--- SOURCE DATA Enclosed Below ---
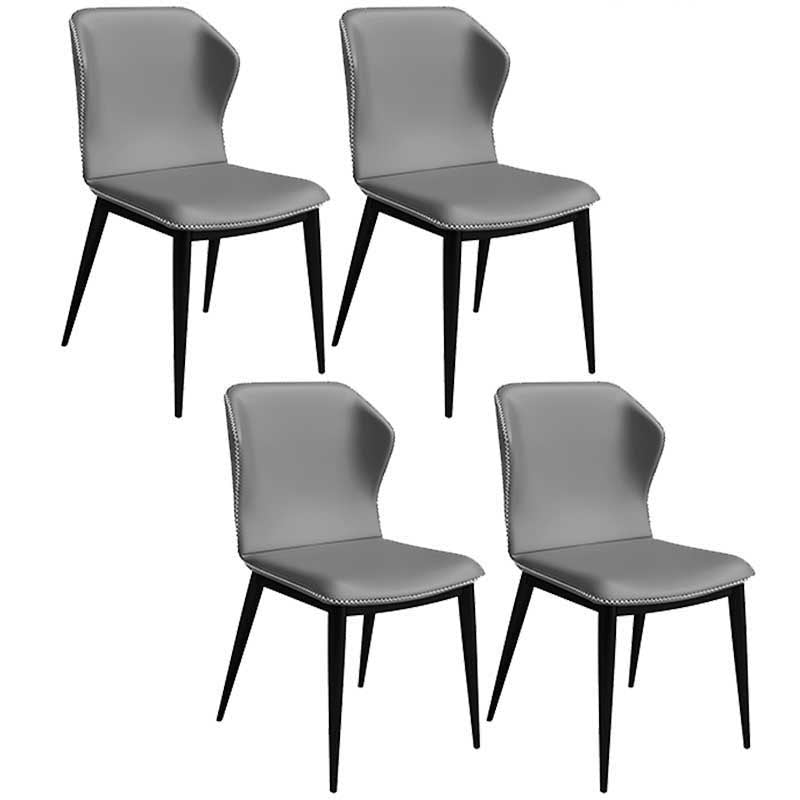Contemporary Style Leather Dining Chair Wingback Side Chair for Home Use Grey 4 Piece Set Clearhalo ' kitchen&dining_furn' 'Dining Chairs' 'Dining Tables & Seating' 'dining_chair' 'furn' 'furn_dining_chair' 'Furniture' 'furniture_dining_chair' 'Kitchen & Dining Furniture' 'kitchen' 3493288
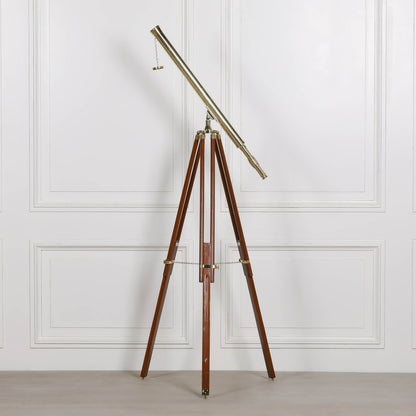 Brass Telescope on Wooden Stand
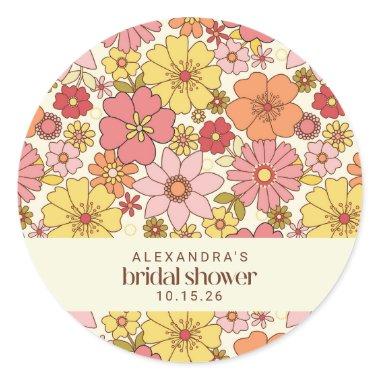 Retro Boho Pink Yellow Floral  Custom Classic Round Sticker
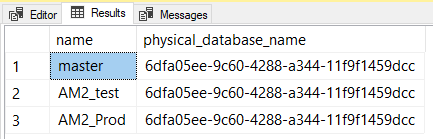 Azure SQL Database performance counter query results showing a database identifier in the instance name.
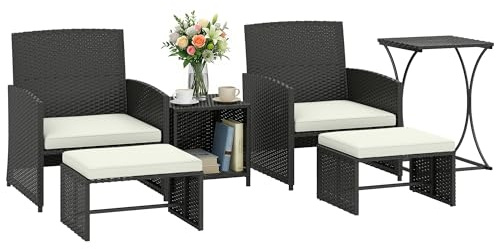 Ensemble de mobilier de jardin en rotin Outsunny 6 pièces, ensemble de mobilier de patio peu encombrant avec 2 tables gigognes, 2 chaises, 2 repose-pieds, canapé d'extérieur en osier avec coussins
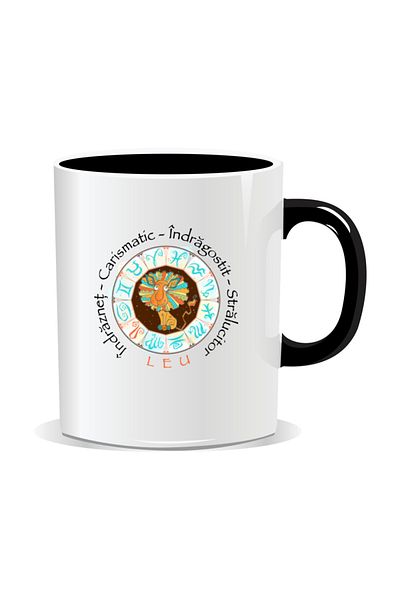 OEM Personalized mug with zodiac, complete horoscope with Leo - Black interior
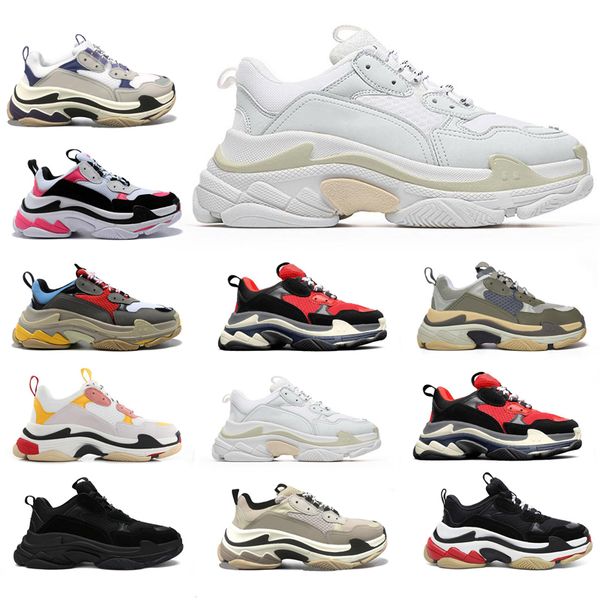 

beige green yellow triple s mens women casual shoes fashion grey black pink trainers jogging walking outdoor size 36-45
--- End of Enclosed SOURCE DATA ---
§ PROBLEM REQUIREMENTS
Word for word, give again the lines from the line with "Retro Boho Pink" through the end of the records above, with both ends included and the pictures left out.

§ RESULT
 Retro Boho Pink Yellow Floral  Custom Classic Round Sticker
 Azure SQL Database performance counter query results showing a database identifier in the instance name.
 Ensemble de mobilier de jardin en rotin Outsunny 6 pièces, ensemble de mobilier de patio peu encombrant avec 2 tables gigognes, 2 chaises, 2 repose-pieds, canapé d'extérieur en osier avec coussins
 OEM Personalized mug with zodiac, complete horoscope with Leo - Black interior

beige green yellow triple s mens women casual shoes fashion grey black pink trainers jogging walking outdoor size 36-45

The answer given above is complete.